Exercise requirements:
From the data below, set down exactly the lines between the one holding "LĂN KHỬ MÙI NIVEA MEN 50G" and the one holding "new 2024 Chevrolet", inclusive, and no others.
-- Source data follows --
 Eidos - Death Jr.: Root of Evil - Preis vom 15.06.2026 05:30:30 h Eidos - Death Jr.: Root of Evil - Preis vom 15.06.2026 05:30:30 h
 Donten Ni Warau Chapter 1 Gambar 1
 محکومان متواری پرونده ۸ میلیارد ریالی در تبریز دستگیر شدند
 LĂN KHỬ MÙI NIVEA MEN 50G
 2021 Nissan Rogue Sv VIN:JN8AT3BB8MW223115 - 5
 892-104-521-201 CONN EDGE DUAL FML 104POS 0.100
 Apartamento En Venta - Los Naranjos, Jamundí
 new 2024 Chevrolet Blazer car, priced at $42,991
-- Source data concluded --
-- Source data follows --
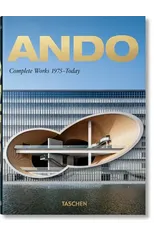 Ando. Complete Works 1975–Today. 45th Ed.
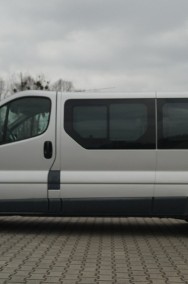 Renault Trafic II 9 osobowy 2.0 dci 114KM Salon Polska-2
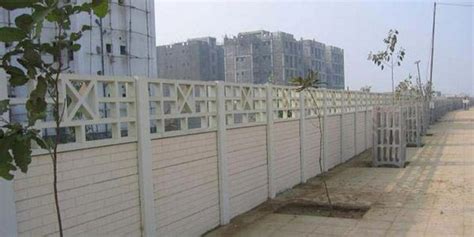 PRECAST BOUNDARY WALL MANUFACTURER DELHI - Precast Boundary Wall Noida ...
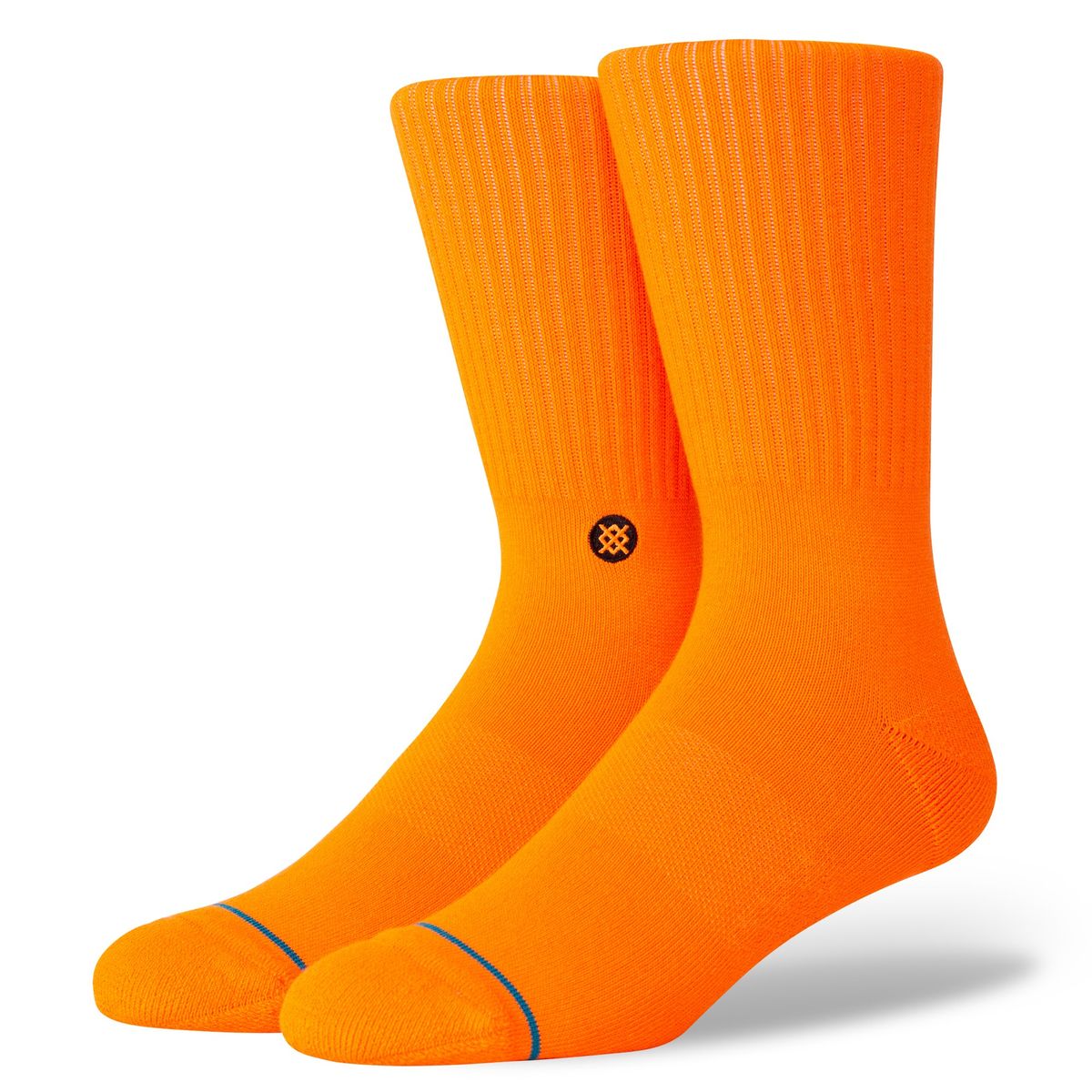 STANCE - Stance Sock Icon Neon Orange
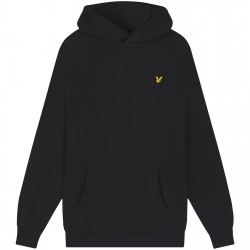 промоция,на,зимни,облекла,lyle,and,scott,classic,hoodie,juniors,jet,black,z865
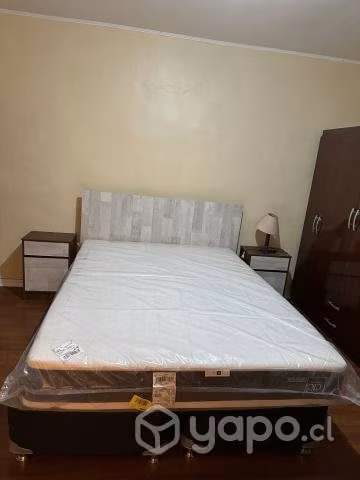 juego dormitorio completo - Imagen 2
-- Source data concluded --
Task answer:
 LĂN KHỬ MÙI NIVEA MEN 50G
 2021 Nissan Rogue Sv VIN:JN8AT3BB8MW223115 - 5
 892-104-521-201 CONN EDGE DUAL FML 104POS 0.100
 Apartamento En Venta - Los Naranjos, Jamundí
 new 2024 Chevrolet Blazer car, priced at $42,991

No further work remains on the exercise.